Under the Affordable Care Act (ACA), hospitals are at risk of penalties and cuts to reimbursement if the rate of patient readmission for the same condition is high. This penalty intends to prevent misuse and overuse of healthcare interventions and achieve a greater patient satisfaction with the care provided to them.

However, this new incentive given to hospitals around the nation calls for more than just political awareness of rising healthcare costs in America. In fact, the very foundation of healthcare delivery demands to be redesigned.

Essentially, the ACA urges for a switch from healthcare quantity to healthcare quality, putting more emphasis on preventative care to keep patients out of hospitals. In fact, the Center for Medicare and Medicaid Innovation was created solely in response to the ACA, and it serves to award grants to researchers and doctors who have innovative ideas for improving the current healthcare system. The triple aim is to lower per capita costs of healthcare, provide better access, and improve overall care.

In the last decade, hundreds of fire departments, ambulance services, and hospital systems nationwide have launched health resource programs that hope to do just that. One such type of program, Community Paramedicine, is especially remarkable, and is beginning to be widely researched.

The appeal of programs like Community Paramedicine originates from the extra involvement of specially trained paramedics and emergency medical technicians (EMTs) in the treatment process. In a “killing two birds with one stone” approach, Community Paramedicine and programs like it (such as Mobile Integrated Healthcare) help to fill in the gaps of the current healthcare system by providing patients with the care they need while also keeping them out of the emergency room.

Generally, the role of the emergency medical services (EMS) is simply to transport all patients that call 911 for a medical emergency, independent of their actual condition, to the ED (Emergency Department). However, a significant percentage of EMS calls have been shown to be non-urgent and result in unnecessary transportation and exorbitant ED visit costs for the patient. This cycle of unnecessary admission and readmission, usually stemming from patients with chronic and special care illnesses, contributes to ED overuse. Essentially, transporting all patients causes a decrease in the quality of care for patients who need it the most.

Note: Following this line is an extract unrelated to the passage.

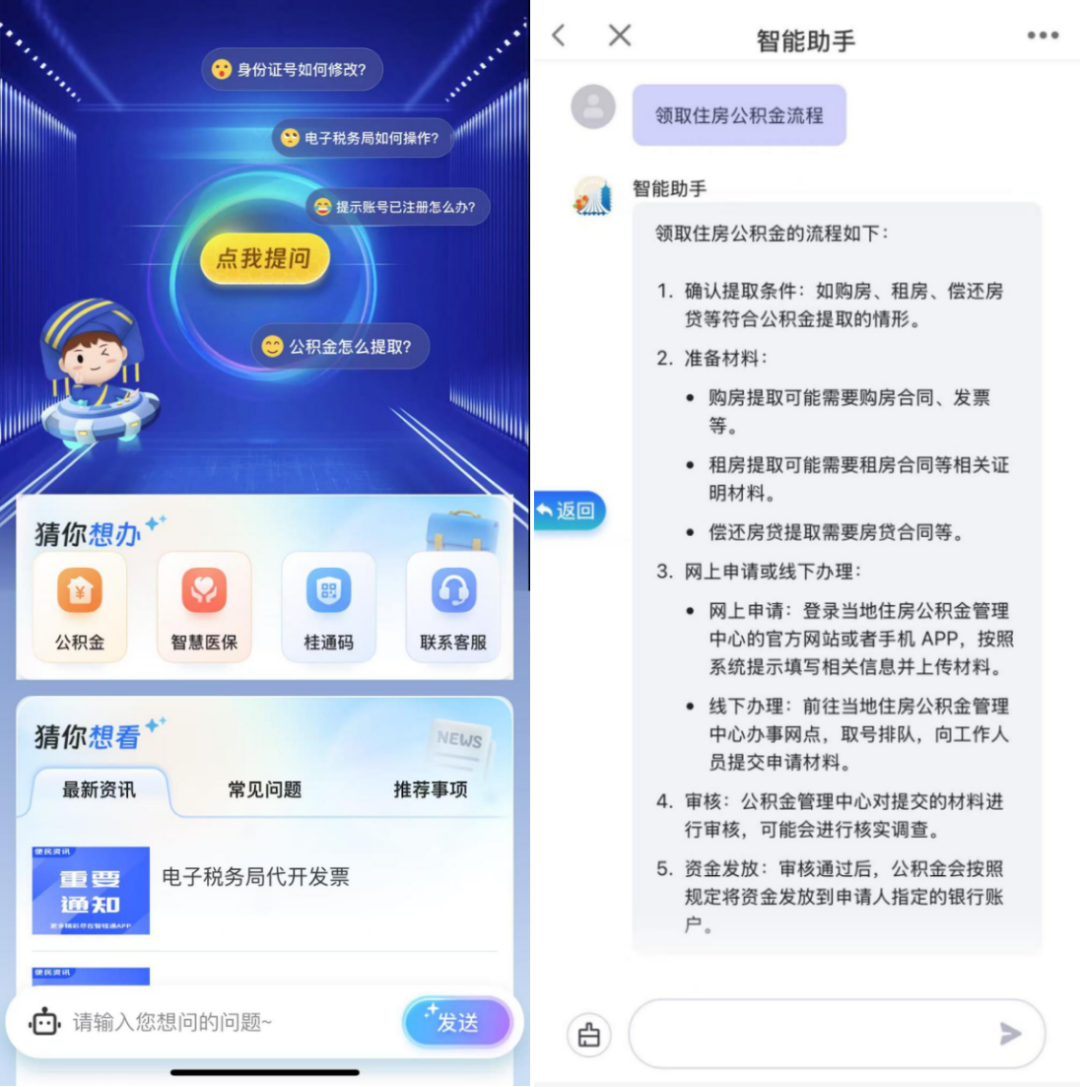 888集团·「中国」·官方网站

From 2000-2010, Emergency Department visits have increased over 20 percent from 108 million patients to 129 million. This statistic illustrates the increasing burden of the current system of healthcare, especially that of EMS. Unfortunately, ED overuse is only the beginning of the problem. Often times, higher healthcare costs and longer wait times caused by non-urgent patients being transported to the hospital generates lower patient satisfaction in healthcare. Further, this may even imbue a sense of distrust in or fear of calling 911 when a real emergency does occur.

Community Paramedicine presents immense potential in response to ED overuse and helps hospitals work to reduce penalties of the ACA. The implementation of Community Paramedicine comes from the participation of paramedics and EMTs that provide services outside of their traditional response and transport roles. Generally, the term Community Paramedicine describes the expansion of potential roles that EMS can perform to improve our current healthcare system.

Not only are these healthcare personnel racing to emergencies and transporting patients in need, they are also actively helping keep non-emergency patients out of the hospital. Along with permitting urgent assessment via telemedicine on an EMS call, Community Paramedicine programs also emphasize preventative check-ups and in-home care with the goal of reducing emergency calls and costly trips to the hospital for the patient.

Community Paramedicine strives to be a community health resource. Triaging and In-Home Care models have been piloted in order to better help a patient who frequently calls EMS and requires regular evaluation. These models recognize that frequent visits to the ED does not always lead to better care for the patient. Instead of transporting, EMS dispatches to the scene as if it were a non-emergency and evaluates the situation with the help of the patient’s primary care physician (PCP). Then, the paramedic is able to make a coordinated decision about the appropriate course of action for that particular situation.

This system empowers paramedics to deliver care through consultation with a PCP to patients who might be served best by being cared for at home, rather than being immediately transported to the hospital. In fact, programs that allocate more care responsibility to the non-emergency side of EMS work to reduce strain on limited emergency EMS and ED resources. In turn, these programs give EMS the opportunity to be included as an additional factor in more efficient coordination of care for patients.

In pilots of Community Paramedicine programs, paramedics receive 16 hours of training that prepare them for telemedicine-enhanced care and physicians undergo a formal certification process that allows them to participate in telemedicine with the community paramedics in the field. If successful, these programs could greatly improve the quality of care provided to the public, increase the value of EMS in the healthcare system, and ultimately prevent penalized readmissions, filling in the gaps in our current health care system.

As a certified EMT, I value initiatives like this one that encourages extra participation from trained personnel in emergency situations. It has become widely understood that America’s modern healthcare system requires much modification; it is no longer debated that the ways in which Americans receive care is far from achieving its potential. However, programs like Community Paramedicine are just one of the many great ideas that could positively revolutionize the healthcare system. Hopefully, as the ACA is further implemented and programs like Community Paramedicine continue to be pushed into existence, healthcare in America will begin to change as well.

Jhaveri is a member of the class of 2018.